蘇我紬は興奮のあまり飛び上がりそうになった。

彼女は影山瑛志とまだ一緒にいられる。蘇我紬はこの良い知らせを一刻も早く影山瑛志に伝えたかった!

彼に伝えたかった。彼女はまだあの蘇我紬で、影山瑛志の紬であり、もう二度と影山瑛志と離れることはない、ずっとずっと一緒にいると。

「でも林与一さん、もう一つお願いがあるの。」蘇我紬は照れくさそうに笑った。「影山瑛志も誤解しているかもしれないから、私が説明するときに、あなたも説明してくれたら...そうしないと、私たちの関係がどんどん遠くなってしまうから。」

林与一は爽やかに笑い、報われない恋の悲しみは微塵も見せなかった。彼にとって、好きな人が幸せならそれでいいのだった。

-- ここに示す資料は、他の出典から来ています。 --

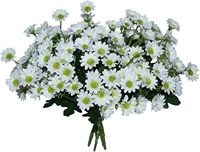 Bunga buatan sutra aster buatan Gerber aster untuk dekorasi rumah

彼はすぐに躊躇なく承諾した。「いいよ。今すぐにでも影山さんを呼んで、直接説明すれば、後々面倒なことにならずに済むよ。」

この時点で、夏川澄花はもう確信を持てたはずだった。彼女も林与一を誤解しかけていたのだ。

彼女は二人が影山瑛志への説明について話し合うのを横で聞いていた。

蘇我紬は少し考えて、その案がいいと思った。すぐに携帯を取り出して影山瑛志に電話をかけようとした。「彼に来てもらって、近くのカフェでゆっくり話すのはどう?」

「いいね。」

承諾を得て、蘇我紬は影山瑛志の電話番号を入力し始めた。

以前の携帯は押収されたままで、まだ返してもらえていなかった。

影山瑛志は着信音を聞くと、急いで路肩に車を停め、携帯を取り出して見もせずに出た。

向こうから蘇我紬の声が聞こえてきて、やっと喜びが込み上げてきた。